[What this task involves]: Locate the line containing "New Mens Flannel" in the entries below, then retype it and every later line exactly, leaving out pictures.
◆ ◆ ◆
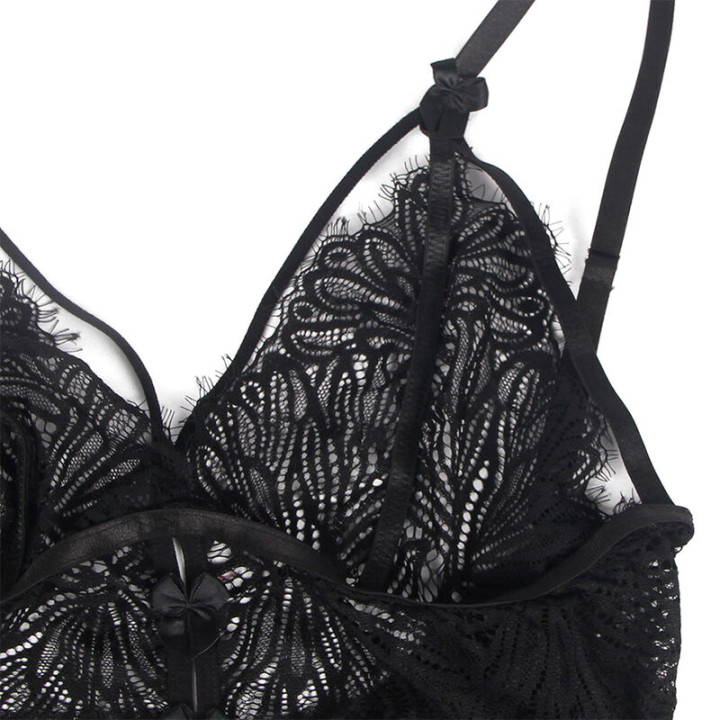 Subblime - Babydoll With Adjustable Lace Straps Black l/xl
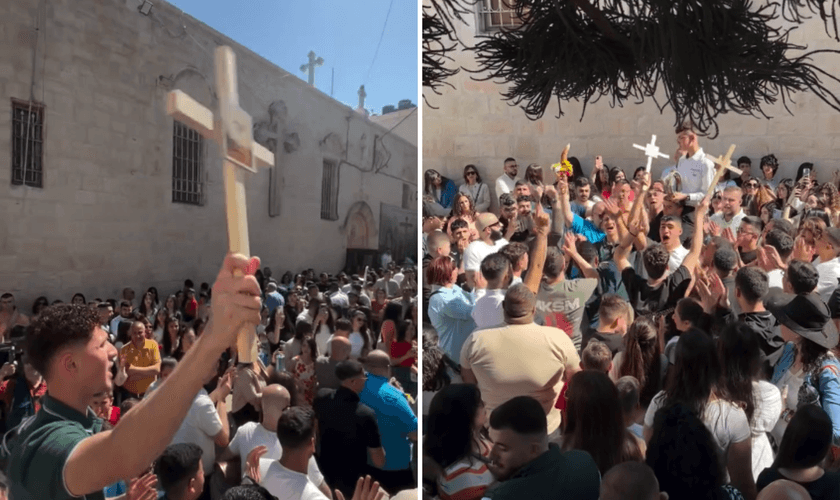 Cristãos palestinos celebram a ressurreição nas ruas da Cisjordânia. (Captura de tela/Instagram/eastern_christians)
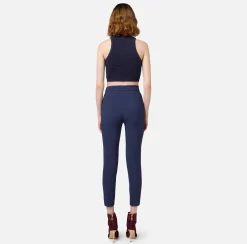 Pantalone dritto in crêpe con zip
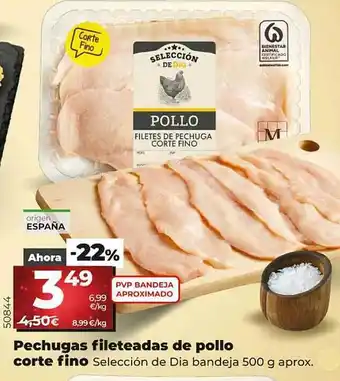 Dia Pechuga s fileteadas de pollo corte fino oferta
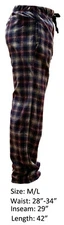 New Mens Flannel Fleece Pajama Pant Lounge Pants Navy Pink Gray M/L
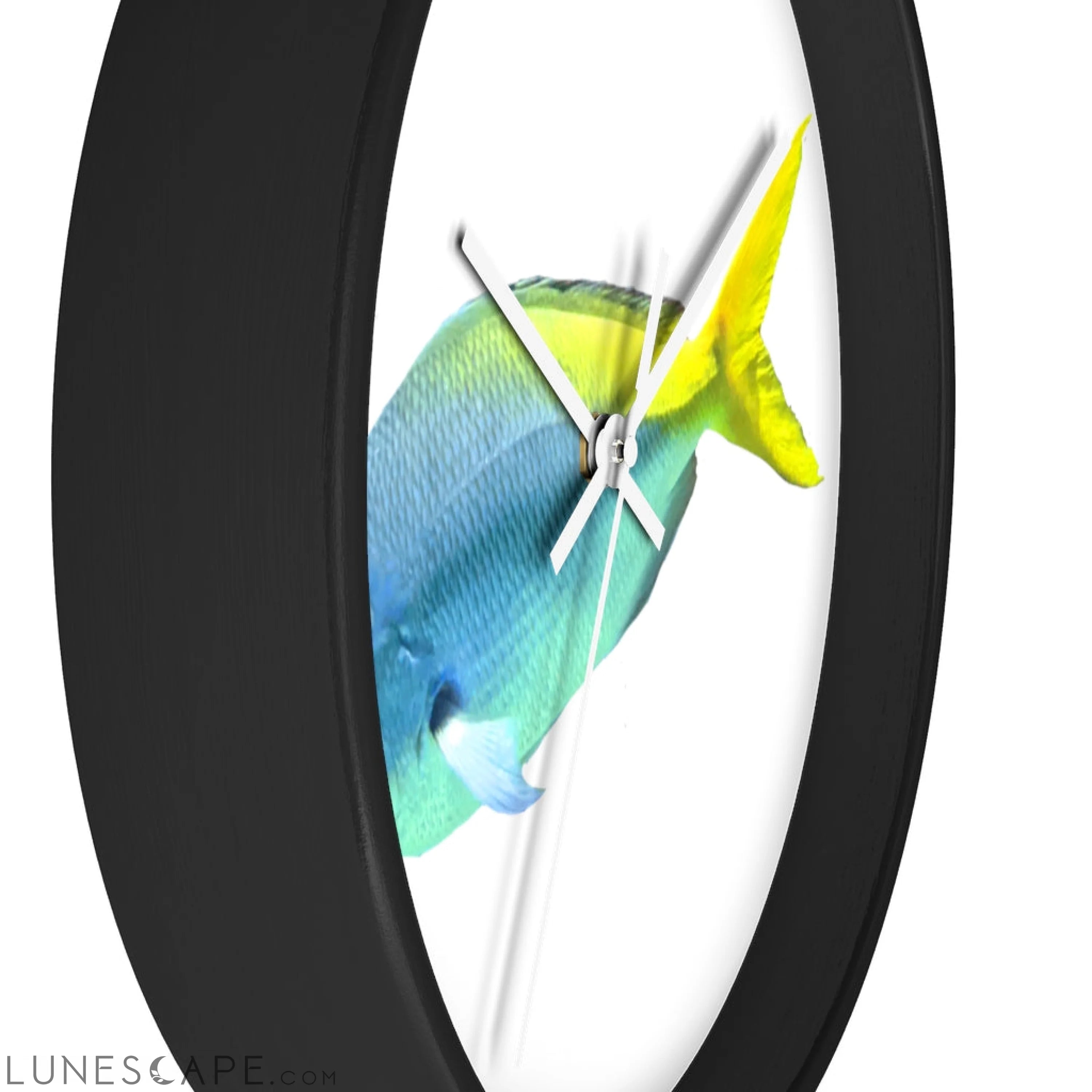 Light Blue and Yellow Fish Wall clock LUNESCAPE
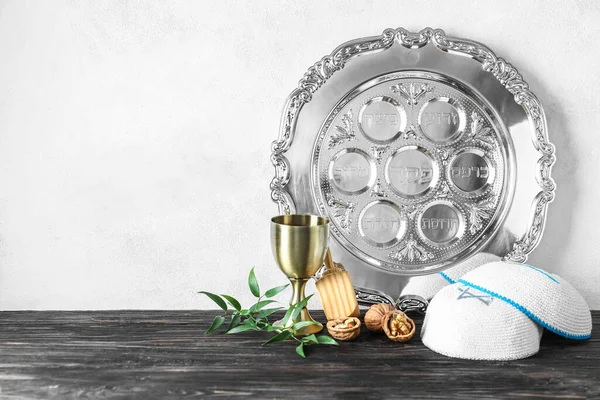 Passover Seder Plate Kippah Cup Table White Background — Stock Photo, Image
◆ ◆ ◆
[Exercise answer]:
 New Mens Flannel Fleece Pajama Pant Lounge Pants Navy Pink Gray M/L
 Light Blue and Yellow Fish Wall clock LUNESCAPE
 Passover Seder Plate Kippah Cup Table White Background — Stock Photo, Image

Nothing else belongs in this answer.